L’ouvrage dont il est question ici regroupe les deux derniers
volets des souvenir de déportation de Charlotte Delbo. Charlotte Delbo, c’est une voix
singulière dans le domaine. On n’entre pas si facilement que
cela dans ses textes. Son écriture est particulière, tout comme
sa manière d’aborder l’innommable.
De ce que j’ai pu lire sur la déportation, les écrits de
Charlotte Delbo sont nettement plus littéraires.

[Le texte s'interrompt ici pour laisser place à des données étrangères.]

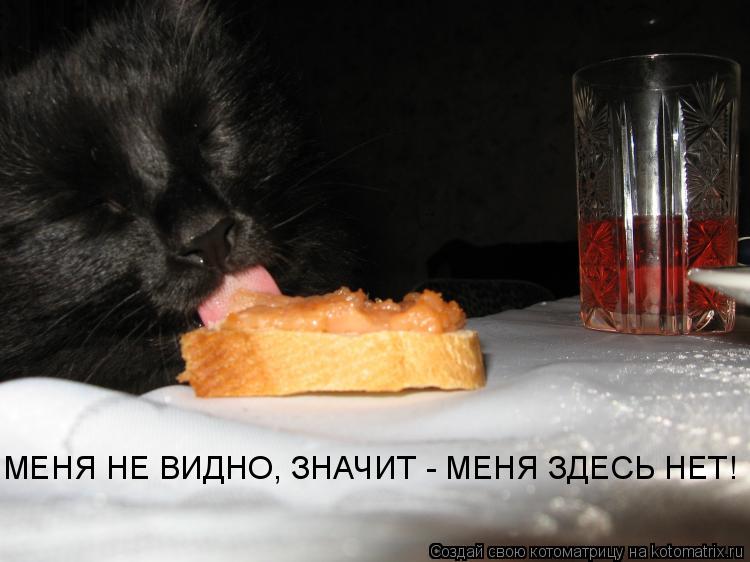 МЕНЯ НЕ ВИДНО, ЗНАЧИТ - МЕНЯ ЗДЕСЬ НЕТ!... Котоматрица: МЕНЯ НЕ ВИДНО, ЗНАЧИТ - МЕНЯ ЗДЕСЬ НЕТ!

Une connaissance inutile, second volet est une juxtaposition de souvenirs plutôt axés
sur la vie courante au camp, sur des personnages que Charlotte
Delbo a côtoyés de près, sur des lieux, des sensations, des
objets. Un ensemble de textes assez courts ayant une portée
émotionnelle variable. Il n’y a pas de grandes démonstrations
dans le propos de l’auteur, mais plutôt une certaine froideur,
une retenue qui s’avère percutante.
Dans Mesure de nos jours, dernier volet, Charlotte Delbo
donne également la parole à ses compagnes de déportation sur la
question récurrente de l’ouvrage
Et toi, comment tu as fait ?
C’est, à mon sens, le plus fort et le plus émouvant des trois
ouvrages, parce qu’il est moins question de relater des faits
que de mettre en mots des ressentis. Il aborde également le
délicat sujet du retour des camps.
Une connaissance inutile et Mesure de nos jours : Auschwitz et après II, III de Charlotte Delbo aux éditions de Minuit (1970 et 1971 ,330 pages)
Charlotte Delbo
est née en 1913 à Vigneux-sur-Seine (Essonne), de parents
immigrés italiens. Après avoir suivi une formation de
sténodactylo, elle travaille à Paris comme secrétaire dès l’âge
de dix-sept ans. Elle adhère en 1932 au mouvement des Jeunesses
communistes. En 1934, elle rencontre Georges Dudach, communiste
engagé, très actif au sein du Parti, avec qui elle se marie en
1936. Un an plus tard, elle devient la secrétaire de Louis
Jouvet, alors directeur du théâtre de l’Athénée. Celui-ci
l’avait convoquée après la lecture d’un article sur le théâtre
qu’elle avait écrit pour Les Cahiers de la Jeunesse, dont Dudach
était le rédacteur en chef.
L’été 1941, Charlotte Delbo accompagne la troupe de l’Athénée
lors d’une tournée en Amérique du Sud. Georges Dudach, engagé
dans la Résistance intérieure, est resté à Paris. Elle décide de
le rejoindre dans la clandestinité, contre l’avis de Jouvet qui
la supplie de n’en rien faire. Charlotte regagne Paris et
retrouve son mari en novembre 1941. Ils vivent cachés, ne se
montrent jamais ensemble. Georges sillonne Paris, rencontre ses
contacts, transmet des informations pendant que Charlotte tape à
la machine des tracts et des journaux clandestins. Mais la
police déploie patiemment ses filets. En février 1942, de
nombreux membres de leur réseau de résistants communistes sont
pris en filature. Les arrestations se multiplient à la
mi-février : Georges et Maï Politzer, Danielle Casanova, Lucien
Dorland, Lucienne Langlois, puis André et Germaine Pican,
Jacques Decour… De filature en filature, l’étau se
resserre.
Georges Dudach et Charlotte Delbo sont arrêtés le 2 mars 1942
par les brigades spéciales de la Police française. Delbo est
emprisonnée à la Santé, où elle reverra son mari une dernière
fois, le 23 mai ; Dudach est fusillé le jour même au
Mont-Valérien. Transférée en août au Fort de Romainville, puis à
Compiègne, Charlotte Delbo quitte la France pour
Auschwitz-Birkenau le 24 janvier 1943, dans un wagon à bestiaux,
en compagnie de deux cent vingt-neuf autres femmes,
majoritairement engagées comme elle dans la Résistance.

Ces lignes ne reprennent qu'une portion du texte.